PROBLEM TO WORK ON. The answer should contain all of the data, retyped without any alteration.
MATERIAL PROVIDED section start
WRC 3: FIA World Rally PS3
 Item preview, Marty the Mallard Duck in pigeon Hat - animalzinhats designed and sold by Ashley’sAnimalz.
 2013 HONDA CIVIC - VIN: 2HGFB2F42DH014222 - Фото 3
MATERIAL PROVIDED section end
EXERCISE SOLUTION.
WRC 3: FIA World Rally PS3
 Item preview, Marty the Mallard Duck in pigeon Hat - animalzinhats designed and sold by Ashley’sAnimalz.
 2013 HONDA CIVIC - VIN: 2HGFB2F42DH014222 - Фото 3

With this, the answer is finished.